Other change is showing up for non-residential markets in three main areas: industrial, lodging and office, he said.
In industrial, so much industrial space was built in the early recovery of the recession that less is being built today than in the past two years, he said.
"We're pulling back a little bit in new industrial space," Tutterow said.
In lodging, growth has moved through two phases already as occupancy rates increase, but should show a moderate downturn as new construction in lodging-oriented projects eases off, he said. More often, changes in the lodging industry will be changes in control of already built properties.
The office market is starting to move into a new phase of growth, as commercial groups have started to work on purely spec builds, he said. Additionally, many modern offices are shared spaces, with employees needing less space and smart developers building to accommodate.
The housing market also is continuing to recover, but is still down by about 40 percent from its peak.

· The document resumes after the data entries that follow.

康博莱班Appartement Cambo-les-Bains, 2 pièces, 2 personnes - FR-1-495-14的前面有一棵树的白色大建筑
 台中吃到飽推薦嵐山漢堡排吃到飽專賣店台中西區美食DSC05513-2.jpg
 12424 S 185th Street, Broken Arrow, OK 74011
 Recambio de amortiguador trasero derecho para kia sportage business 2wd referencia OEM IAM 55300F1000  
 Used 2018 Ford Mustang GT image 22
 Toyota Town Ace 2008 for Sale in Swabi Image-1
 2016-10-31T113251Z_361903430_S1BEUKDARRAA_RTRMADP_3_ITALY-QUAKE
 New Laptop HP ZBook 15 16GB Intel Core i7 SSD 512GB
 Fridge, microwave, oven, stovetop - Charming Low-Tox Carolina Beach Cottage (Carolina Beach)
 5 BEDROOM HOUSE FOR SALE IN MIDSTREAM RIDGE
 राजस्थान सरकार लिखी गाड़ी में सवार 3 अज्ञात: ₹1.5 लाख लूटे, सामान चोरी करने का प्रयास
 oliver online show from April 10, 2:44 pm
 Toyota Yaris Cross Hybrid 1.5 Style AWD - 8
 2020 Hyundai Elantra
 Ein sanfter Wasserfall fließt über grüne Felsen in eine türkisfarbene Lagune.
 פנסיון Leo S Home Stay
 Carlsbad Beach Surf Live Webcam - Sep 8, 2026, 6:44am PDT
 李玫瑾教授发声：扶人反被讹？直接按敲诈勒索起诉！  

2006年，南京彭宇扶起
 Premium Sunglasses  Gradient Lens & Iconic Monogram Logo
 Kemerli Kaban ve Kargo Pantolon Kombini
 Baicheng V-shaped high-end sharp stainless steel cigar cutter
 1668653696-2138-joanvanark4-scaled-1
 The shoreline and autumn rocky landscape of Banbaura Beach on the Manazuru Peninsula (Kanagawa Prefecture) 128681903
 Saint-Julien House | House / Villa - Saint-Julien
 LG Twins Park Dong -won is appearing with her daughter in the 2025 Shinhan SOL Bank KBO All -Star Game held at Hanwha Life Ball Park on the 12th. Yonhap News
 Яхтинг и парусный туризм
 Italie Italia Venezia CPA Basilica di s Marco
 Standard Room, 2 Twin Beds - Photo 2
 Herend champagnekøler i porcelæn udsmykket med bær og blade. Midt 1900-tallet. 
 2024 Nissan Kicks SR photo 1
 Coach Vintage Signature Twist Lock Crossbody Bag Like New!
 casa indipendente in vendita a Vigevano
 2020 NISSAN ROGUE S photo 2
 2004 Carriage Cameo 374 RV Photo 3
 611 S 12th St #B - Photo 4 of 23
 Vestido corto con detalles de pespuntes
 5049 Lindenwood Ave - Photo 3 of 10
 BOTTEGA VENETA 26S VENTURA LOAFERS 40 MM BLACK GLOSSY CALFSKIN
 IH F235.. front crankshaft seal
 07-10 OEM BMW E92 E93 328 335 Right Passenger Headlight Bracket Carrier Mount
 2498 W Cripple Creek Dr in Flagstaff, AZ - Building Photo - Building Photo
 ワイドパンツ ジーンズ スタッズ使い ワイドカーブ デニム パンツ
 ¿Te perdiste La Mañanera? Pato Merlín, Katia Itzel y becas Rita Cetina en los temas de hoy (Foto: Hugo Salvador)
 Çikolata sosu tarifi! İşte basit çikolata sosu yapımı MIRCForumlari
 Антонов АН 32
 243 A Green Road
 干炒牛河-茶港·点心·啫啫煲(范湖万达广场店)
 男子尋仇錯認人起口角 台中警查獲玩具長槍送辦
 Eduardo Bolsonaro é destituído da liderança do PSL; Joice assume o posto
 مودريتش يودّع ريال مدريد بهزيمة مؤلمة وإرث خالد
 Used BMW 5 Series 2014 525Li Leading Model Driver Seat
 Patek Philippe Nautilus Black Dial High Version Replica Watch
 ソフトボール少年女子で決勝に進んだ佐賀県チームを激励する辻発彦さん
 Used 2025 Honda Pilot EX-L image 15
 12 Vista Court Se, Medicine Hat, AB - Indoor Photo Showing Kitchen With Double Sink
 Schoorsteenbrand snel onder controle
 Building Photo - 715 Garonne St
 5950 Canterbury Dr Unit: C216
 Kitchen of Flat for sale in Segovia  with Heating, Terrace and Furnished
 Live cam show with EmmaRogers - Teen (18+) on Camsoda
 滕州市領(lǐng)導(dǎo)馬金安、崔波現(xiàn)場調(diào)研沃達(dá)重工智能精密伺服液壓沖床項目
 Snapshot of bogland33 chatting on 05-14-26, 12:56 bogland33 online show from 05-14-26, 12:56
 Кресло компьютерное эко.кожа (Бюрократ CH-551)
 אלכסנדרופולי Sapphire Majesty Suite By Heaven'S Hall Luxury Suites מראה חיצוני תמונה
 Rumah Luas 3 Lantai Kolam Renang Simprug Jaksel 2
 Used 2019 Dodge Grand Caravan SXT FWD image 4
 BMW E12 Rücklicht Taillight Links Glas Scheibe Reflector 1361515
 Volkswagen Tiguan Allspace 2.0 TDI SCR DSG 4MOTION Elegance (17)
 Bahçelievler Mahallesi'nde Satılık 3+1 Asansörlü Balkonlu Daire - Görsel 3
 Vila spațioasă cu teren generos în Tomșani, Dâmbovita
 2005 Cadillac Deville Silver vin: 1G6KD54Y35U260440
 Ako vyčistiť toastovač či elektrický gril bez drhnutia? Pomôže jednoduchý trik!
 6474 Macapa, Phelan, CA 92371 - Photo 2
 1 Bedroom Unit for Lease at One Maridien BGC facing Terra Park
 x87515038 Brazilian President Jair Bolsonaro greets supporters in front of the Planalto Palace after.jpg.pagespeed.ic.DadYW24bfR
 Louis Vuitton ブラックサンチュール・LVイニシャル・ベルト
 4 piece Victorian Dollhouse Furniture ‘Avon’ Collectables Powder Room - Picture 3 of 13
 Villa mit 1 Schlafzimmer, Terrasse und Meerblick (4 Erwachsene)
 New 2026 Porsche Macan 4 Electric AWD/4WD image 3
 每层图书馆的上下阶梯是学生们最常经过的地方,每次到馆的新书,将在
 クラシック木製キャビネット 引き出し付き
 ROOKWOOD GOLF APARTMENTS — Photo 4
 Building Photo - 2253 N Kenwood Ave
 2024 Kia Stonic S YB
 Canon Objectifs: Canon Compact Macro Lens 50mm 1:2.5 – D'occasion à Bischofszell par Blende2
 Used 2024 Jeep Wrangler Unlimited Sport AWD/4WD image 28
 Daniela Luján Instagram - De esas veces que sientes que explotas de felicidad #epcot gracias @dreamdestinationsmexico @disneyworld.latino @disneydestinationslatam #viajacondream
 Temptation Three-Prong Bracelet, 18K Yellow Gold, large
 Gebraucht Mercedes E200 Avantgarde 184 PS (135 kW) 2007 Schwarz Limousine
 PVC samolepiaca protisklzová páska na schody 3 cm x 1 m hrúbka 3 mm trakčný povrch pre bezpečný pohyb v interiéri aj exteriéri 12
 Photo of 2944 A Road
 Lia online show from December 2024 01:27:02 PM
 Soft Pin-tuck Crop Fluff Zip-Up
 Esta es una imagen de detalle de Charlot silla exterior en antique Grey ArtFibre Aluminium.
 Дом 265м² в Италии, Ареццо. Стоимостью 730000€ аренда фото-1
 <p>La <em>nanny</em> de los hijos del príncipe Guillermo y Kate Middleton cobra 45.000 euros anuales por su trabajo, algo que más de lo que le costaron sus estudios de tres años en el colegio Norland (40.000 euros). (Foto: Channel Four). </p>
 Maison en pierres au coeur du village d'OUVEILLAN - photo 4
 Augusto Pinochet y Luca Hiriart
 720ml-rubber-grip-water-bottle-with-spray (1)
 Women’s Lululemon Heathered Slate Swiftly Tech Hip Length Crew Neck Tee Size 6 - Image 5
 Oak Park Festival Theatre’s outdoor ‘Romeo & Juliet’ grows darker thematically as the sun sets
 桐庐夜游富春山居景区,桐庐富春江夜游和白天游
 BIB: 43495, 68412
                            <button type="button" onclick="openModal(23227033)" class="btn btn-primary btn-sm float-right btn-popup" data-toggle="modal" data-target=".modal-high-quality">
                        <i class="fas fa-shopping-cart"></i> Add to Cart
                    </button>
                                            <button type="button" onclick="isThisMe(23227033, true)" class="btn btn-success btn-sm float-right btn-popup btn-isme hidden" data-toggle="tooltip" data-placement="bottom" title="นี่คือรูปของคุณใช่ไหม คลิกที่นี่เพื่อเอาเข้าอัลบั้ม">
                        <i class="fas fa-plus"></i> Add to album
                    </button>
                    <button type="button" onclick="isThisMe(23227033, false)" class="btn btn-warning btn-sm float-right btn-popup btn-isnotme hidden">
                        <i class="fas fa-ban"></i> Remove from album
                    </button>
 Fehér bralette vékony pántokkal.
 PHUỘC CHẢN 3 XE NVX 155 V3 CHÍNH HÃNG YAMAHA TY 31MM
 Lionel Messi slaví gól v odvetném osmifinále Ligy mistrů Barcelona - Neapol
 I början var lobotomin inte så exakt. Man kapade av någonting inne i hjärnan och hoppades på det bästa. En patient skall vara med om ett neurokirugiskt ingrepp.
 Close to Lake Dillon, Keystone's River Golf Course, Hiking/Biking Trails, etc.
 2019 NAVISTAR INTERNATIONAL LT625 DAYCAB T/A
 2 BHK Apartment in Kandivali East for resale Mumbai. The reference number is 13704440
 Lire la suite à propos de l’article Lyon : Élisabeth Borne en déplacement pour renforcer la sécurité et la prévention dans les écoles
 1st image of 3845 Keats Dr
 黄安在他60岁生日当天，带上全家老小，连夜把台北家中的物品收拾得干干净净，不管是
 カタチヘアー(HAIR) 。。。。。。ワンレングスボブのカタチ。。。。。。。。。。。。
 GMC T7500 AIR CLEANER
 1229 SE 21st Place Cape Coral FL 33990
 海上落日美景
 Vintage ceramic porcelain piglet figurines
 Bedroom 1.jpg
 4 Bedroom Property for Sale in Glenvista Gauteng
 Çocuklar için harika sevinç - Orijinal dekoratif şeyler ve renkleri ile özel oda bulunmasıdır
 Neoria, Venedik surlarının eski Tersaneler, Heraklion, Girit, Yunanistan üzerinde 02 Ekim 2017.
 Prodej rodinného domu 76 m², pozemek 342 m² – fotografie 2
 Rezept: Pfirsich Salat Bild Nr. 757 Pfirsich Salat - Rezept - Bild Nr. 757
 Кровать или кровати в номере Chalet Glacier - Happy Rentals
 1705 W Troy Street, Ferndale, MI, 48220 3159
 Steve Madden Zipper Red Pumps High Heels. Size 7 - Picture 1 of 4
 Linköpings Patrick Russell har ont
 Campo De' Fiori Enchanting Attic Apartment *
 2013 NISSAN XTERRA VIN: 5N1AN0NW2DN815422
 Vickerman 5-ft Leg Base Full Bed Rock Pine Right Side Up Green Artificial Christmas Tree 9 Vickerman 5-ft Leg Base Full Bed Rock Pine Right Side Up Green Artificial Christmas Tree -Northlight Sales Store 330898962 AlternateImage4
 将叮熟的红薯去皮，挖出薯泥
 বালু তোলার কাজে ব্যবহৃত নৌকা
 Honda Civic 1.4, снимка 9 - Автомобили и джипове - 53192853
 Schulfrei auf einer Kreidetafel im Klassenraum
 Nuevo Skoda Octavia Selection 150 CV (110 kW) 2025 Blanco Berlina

"There's not much of a story on home prices yet, but for the first time in this economic recovery, I'm hearing the word 'affordability' in the last two quarters," he said. "Home prices are back nationwide above where they were at the peak of the housing market."
The manufacturing market stands as a key sector to the American economy, pays the highest compensative wages and has the biggest spillover in multiplier effects in regional economies, he said.
"I am an unapologetic defender of those who produce products for a living," Tutterow said.